Peu auparavant, en juillet, un ouvrier de la pétrochimie avait succombé à un coup de chaleur à Mahshahr, dans le sud-ouest du pays, après avoir dû travailler à une température avoisinant 50°. En juin, c’était un autre travailleur, dans le champ pétrolifère de Yadavaran Hoveyzeh, qui se suicidait en protestation contre des arriérés de salaire impayés. Depuis, comme en témoignent des rapports et des vidéos publiés sur les réseaux sociaux et par des organisations d’opposants au régime iranien, la grève s’est propagée, contre les salaires et les primes non versés, les payes de misère, mais aussi contre les conditions de travail et de vie de plus en plus désastreuses, qui plus est dans un contexte de températures étouffantes.
Le mouvement gréviste s’est étendu aux raffineries liées aux gisements gaziers de South Pars, dans le golfe Persique, où environ 10 000 ouvriers ont cessé le travail. Selon un rapport du syndicat IndustriAll, « les grévistes sont des constructeurs, des électriciens, des soudeurs, des tuyauteurs et d’autres ouvriers qualifiés, employés par des agences de placement et des recruteurs de travailleurs au noir dans des projets industriels menés dans le plus grand gisement de gaz naturel au monde. Ils travaillent par cycles de quarts de 20 jours, suivis de dix jours de congé, et sont logés dans des dortoirs situés à proximité de leur lieu de travail pendant les jours travaillés. »
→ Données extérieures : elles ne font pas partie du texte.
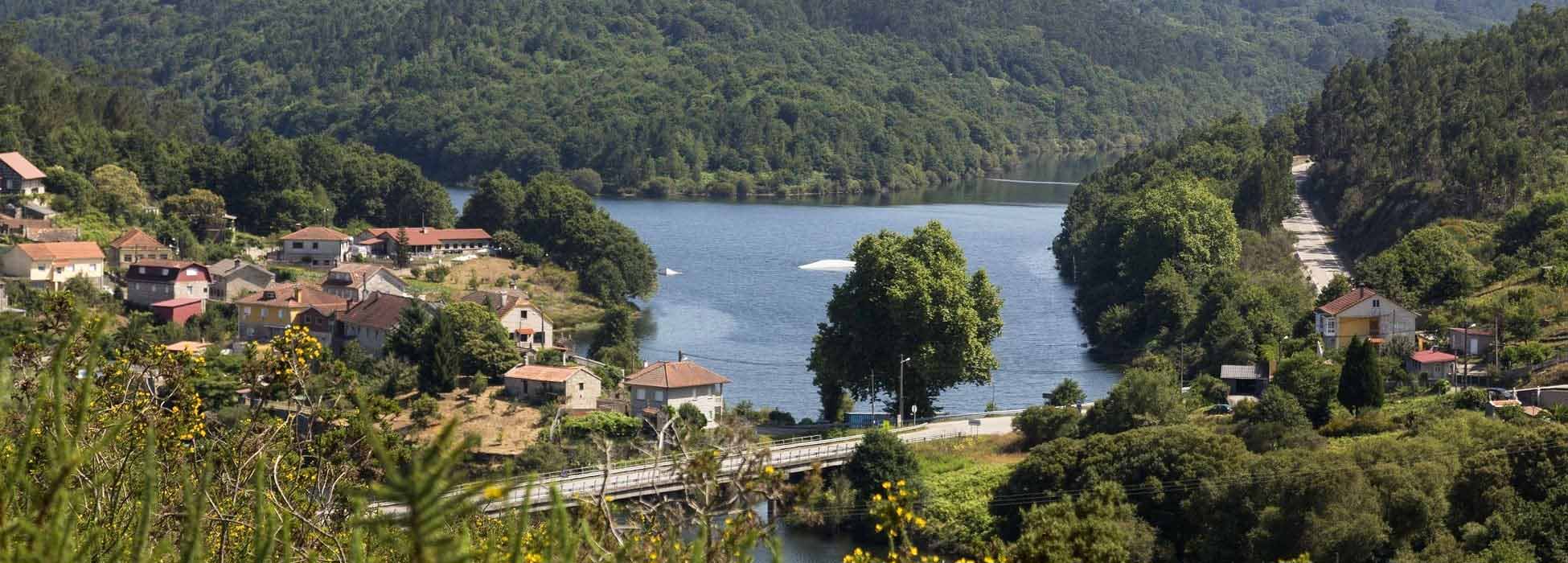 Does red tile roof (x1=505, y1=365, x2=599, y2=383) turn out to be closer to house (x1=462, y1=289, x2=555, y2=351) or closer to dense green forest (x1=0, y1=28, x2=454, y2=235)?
house (x1=462, y1=289, x2=555, y2=351)

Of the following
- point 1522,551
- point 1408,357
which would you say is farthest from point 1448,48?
point 1522,551

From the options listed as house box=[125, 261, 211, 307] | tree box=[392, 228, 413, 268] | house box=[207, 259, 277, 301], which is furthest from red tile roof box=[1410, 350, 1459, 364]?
tree box=[392, 228, 413, 268]

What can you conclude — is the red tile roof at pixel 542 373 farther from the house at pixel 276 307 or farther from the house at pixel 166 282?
the house at pixel 166 282

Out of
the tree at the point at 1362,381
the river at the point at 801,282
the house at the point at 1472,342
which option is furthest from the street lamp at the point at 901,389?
the house at the point at 1472,342

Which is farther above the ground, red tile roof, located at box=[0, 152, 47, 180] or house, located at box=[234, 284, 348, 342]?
red tile roof, located at box=[0, 152, 47, 180]

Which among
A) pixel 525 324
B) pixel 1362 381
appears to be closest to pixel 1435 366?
pixel 1362 381

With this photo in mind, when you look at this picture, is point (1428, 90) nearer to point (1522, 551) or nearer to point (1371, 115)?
point (1371, 115)

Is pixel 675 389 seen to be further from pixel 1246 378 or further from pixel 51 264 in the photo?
pixel 51 264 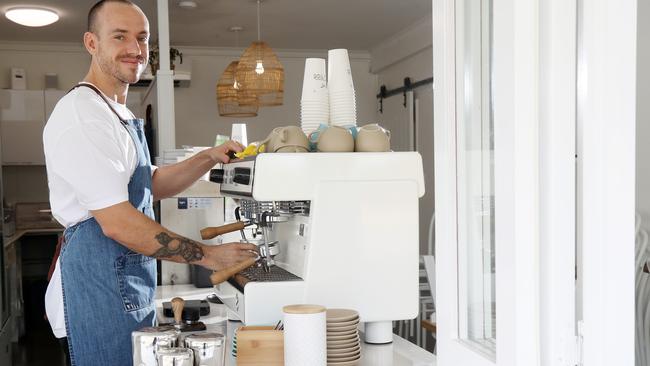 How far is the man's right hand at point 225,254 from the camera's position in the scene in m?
1.87

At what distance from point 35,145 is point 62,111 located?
20.1 feet

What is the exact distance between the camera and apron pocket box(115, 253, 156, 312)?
6.11 ft

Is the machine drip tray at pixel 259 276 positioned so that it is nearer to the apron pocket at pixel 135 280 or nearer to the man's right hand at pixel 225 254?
the man's right hand at pixel 225 254

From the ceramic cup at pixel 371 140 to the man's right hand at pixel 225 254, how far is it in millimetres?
387

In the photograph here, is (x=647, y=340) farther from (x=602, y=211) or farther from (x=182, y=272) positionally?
(x=182, y=272)

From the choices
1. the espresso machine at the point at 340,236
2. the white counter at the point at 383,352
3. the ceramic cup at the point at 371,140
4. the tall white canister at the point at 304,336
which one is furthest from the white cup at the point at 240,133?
the tall white canister at the point at 304,336

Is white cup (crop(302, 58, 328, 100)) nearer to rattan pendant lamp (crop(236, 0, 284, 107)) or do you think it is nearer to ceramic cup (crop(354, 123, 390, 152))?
ceramic cup (crop(354, 123, 390, 152))

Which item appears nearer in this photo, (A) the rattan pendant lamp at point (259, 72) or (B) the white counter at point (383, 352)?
(B) the white counter at point (383, 352)

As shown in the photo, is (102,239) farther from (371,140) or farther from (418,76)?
(418,76)

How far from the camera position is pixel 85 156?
1.76m

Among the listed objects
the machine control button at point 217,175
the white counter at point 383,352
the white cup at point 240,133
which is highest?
Result: the white cup at point 240,133

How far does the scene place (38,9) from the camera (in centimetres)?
579

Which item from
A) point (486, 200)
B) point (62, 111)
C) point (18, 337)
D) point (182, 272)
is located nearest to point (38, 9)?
point (18, 337)

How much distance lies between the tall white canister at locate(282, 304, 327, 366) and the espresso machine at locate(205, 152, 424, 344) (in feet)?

La grève a ensuite gagné la raffinerie d’Ispahan, quatre autres raffineries, puis le complexe pétrochimique de Lamerd. Les retards de paiement des salaires sont récurrents, et des grèves se sont produites au cours des mois précédents, la répression s’abattant sur les travailleurs considérés comme les meneurs. Les arrêts de travail ont aussi repris, un mois et demi durant, dans l’immense complexe agro-industriel que constitue la sucrerie de Haft Tappeh, dans la province du Khuzestan. Une longue grève pour les salaires et les conditions de travail s’y était déroulée en novembre 2018, donnant lieu à des dizaines d’arrestations, dont celles de militants ouvriers. Plusieurs d’entre eux furent condamnés à des peine de prison, parfois avec sursis, et à la flagellation, sans sursis. Parmi eux, un militant syndical, Ismaïl Bakhshi, emprisonné et torturé en janvier 2019, fut condamné à l’automne suivant à 14 ans de prison et 74 coups de fouet.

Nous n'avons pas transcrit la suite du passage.